January 20, 2005

Boro judge rated among worst by Reader's Digest

By Michael Morton

Laura Blackburne    
Justice Laura Blackburne  

Do not expect Justice Laura Blackburne of Laurelton to subscribe to Reader's Digest any time soon.

In its upcoming February edition, the magazine named the controversial Queens judge one of the nation's three worst jurists, awarding her the dubious distinction known as the Broken Gavel Award. Blackburne, who ordered a participant in a drug treatment program out of her court through a side door in June because she did not want him arrested by a waiting detective, joined a justice from Ohio and one from Kentucky on the list.

"It's a rare day in America when a sitting judge helps a criminal suspected of a violent crime flee a courtroom to elude a detective waiting to arrest him," the magazine staffers wrote in the article. A clerk at Blackburne's chambers said the judge had no comment on the ranking.

At the time of the incident, Blackburne was serving in the Queens Treatment Court in Kew Gardens on drug cases and was receiving an update about a convicted dealer going through a rehab program. When a detective came to arrest the man on suspicion of robbery, she ordered court officers to take the man out a side door because she thought the officer misstated his intentions.

Although the man was caught by officers a day later and was cleared of the robbery, Blackburne's action angered police.

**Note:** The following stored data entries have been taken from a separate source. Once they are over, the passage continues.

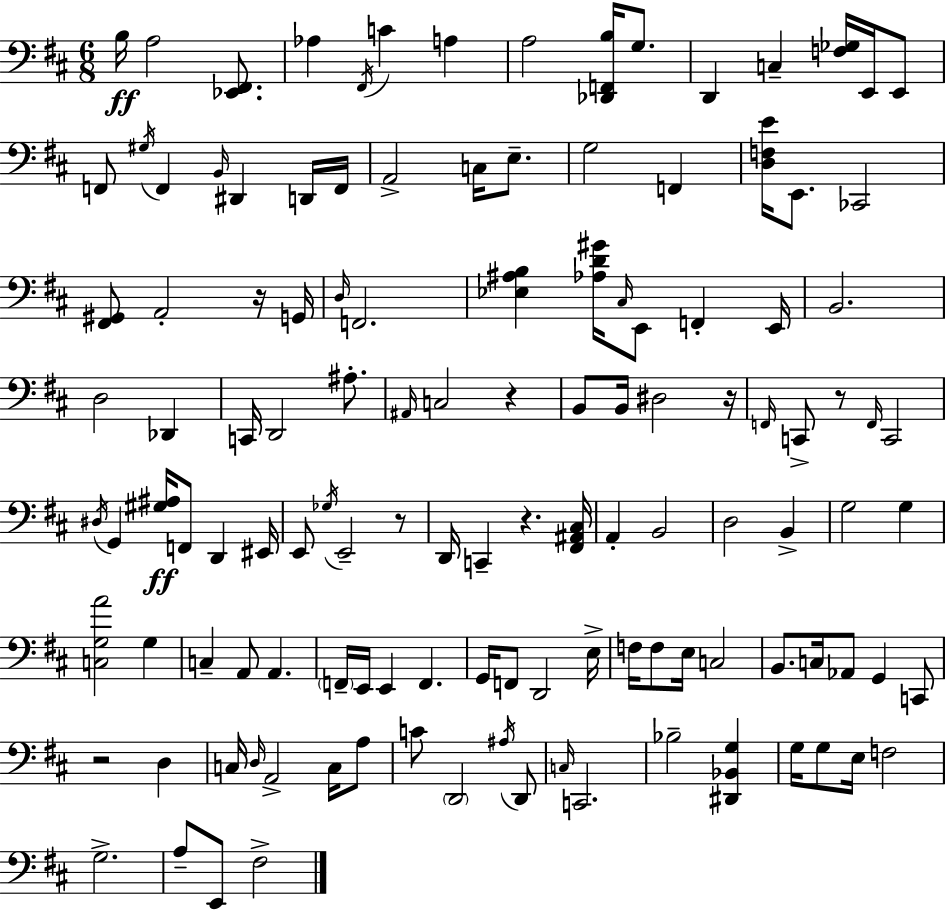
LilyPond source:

{
  \clef bass
  \numericTimeSignature
  \time 6/8
  \key d \major
  b16\ff a2 <ees, fis,>8. | aes4 \acciaccatura { fis,16 } c'4 a4 | a2 <des, f, b>16 g8. | d,4 c4-- <f ges>16 e,16 e,8 | \break f,8 \acciaccatura { gis16 } f,4 \grace { b,16 } dis,4 | d,16 f,16 a,2-> c16 | e8.-- g2 f,4 | <d f e'>16 e,8. ces,2 | \break <fis, gis,>8 a,2-. | r16 g,16 \grace { d16 } f,2. | <ees ais b>4 <aes d' gis'>16 \grace { cis16 } e,8 | f,4-. e,16 b,2. | \break d2 | des,4 c,16 d,2 | ais8.-. \grace { ais,16 } c2 | r4 b,8 b,16 dis2 | \break r16 \grace { f,16 } c,8-> r8 \grace { f,16 } | c,2 \acciaccatura { dis16 } g,4 | <gis ais>16\ff f,8 d,4 eis,16 e,8 \acciaccatura { ges16 } | e,2-- r8 d,16 c,4-- | \break r4. <fis, ais, cis>16 a,4-. | b,2 d2 | b,4-> g2 | g4 <c g a'>2 | \break g4 c4-- | a,8 a,4. \parenthesize f,16-- e,16 | e,4 f,4. g,16 f,8 | d,2 e16-> f16 f8 | \break e16 c2 b,8. | c16 aes,8 g,4 c,8 r2 | d4 c16 \grace { d16 } | a,2-> c16 a8 c'8 | \break \parenthesize d,2 \acciaccatura { ais16 } d,8 | \grace { c16 } c,2. | bes2-- <dis, bes, g>4 | g16 g8 e16 f2 | \break g2.-> | a8-- e,8 fis2-> | \bar "|."
}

"The PBA would vote for the No. 1 worst judge in the nation," said Al O'Leary, a union spokesman for the Patrolmen's Benevolent Association in Manhattan.

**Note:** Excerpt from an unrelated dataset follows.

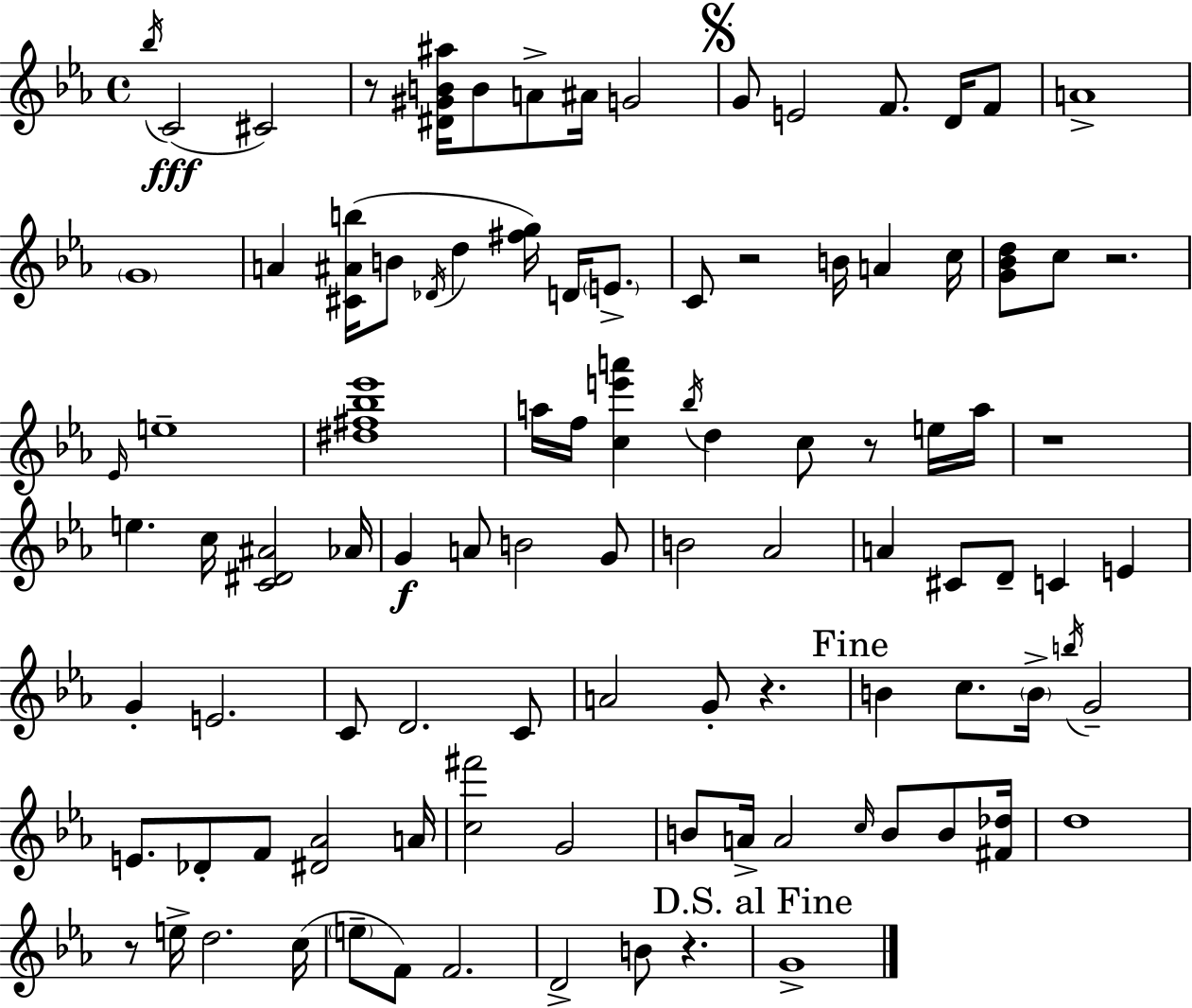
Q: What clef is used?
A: treble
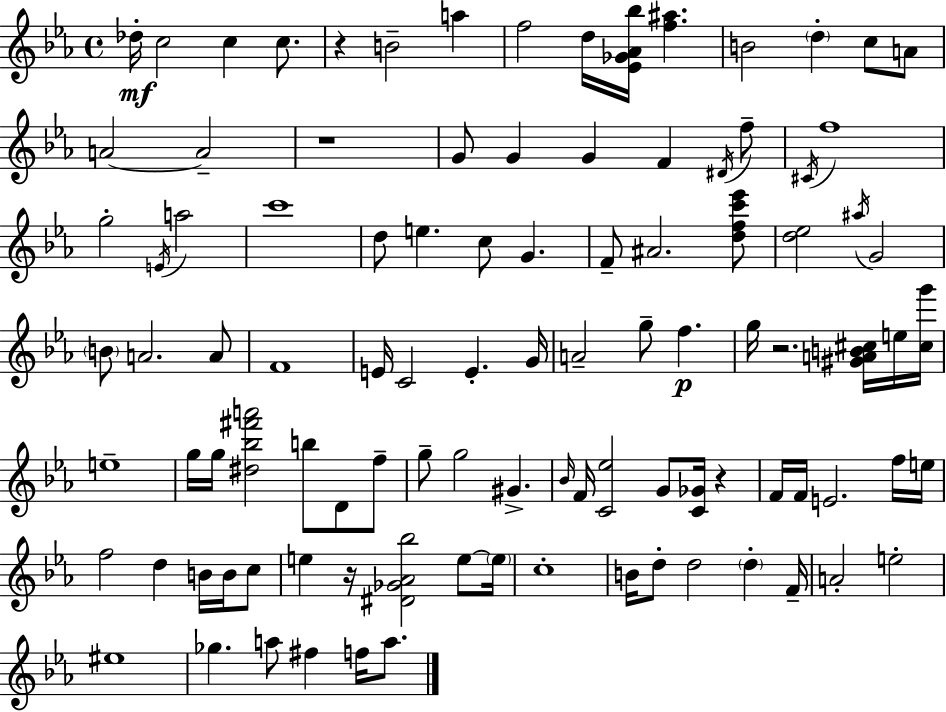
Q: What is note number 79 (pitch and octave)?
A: A4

Blackburne has not been without her backers in southeast Queens, however, and they have said she was simply continuing her efforts to protect suspects' rights in a community often harassed by police. Borough President Helen Marshall also noted that justices in Treatment Court take a special interest in their charges.

"You have to report to that judge like it's your mother or father," Marshall said at a recent Rosedale town hall meeting.

After helping the man escape from her court, Blackburne was transferred to civil court in Jamaica and now hears cases in the adjunct location in Long Island City, her clerk said. Although by law the state Commission on Judicial Conduct cannot comment on its proceedings, O'Leary said the board is still investigating the judge's actions.

Before the incident, Blackburne infuriated police by declaring that the trial of a Jamaica man accused of shooting a rookie police officer had surpassed its legal time frame. Her dismissal, however, was recently overturned and the man may face a new trial.

The February issue of Reader's Digest was expected on newsstands later this week.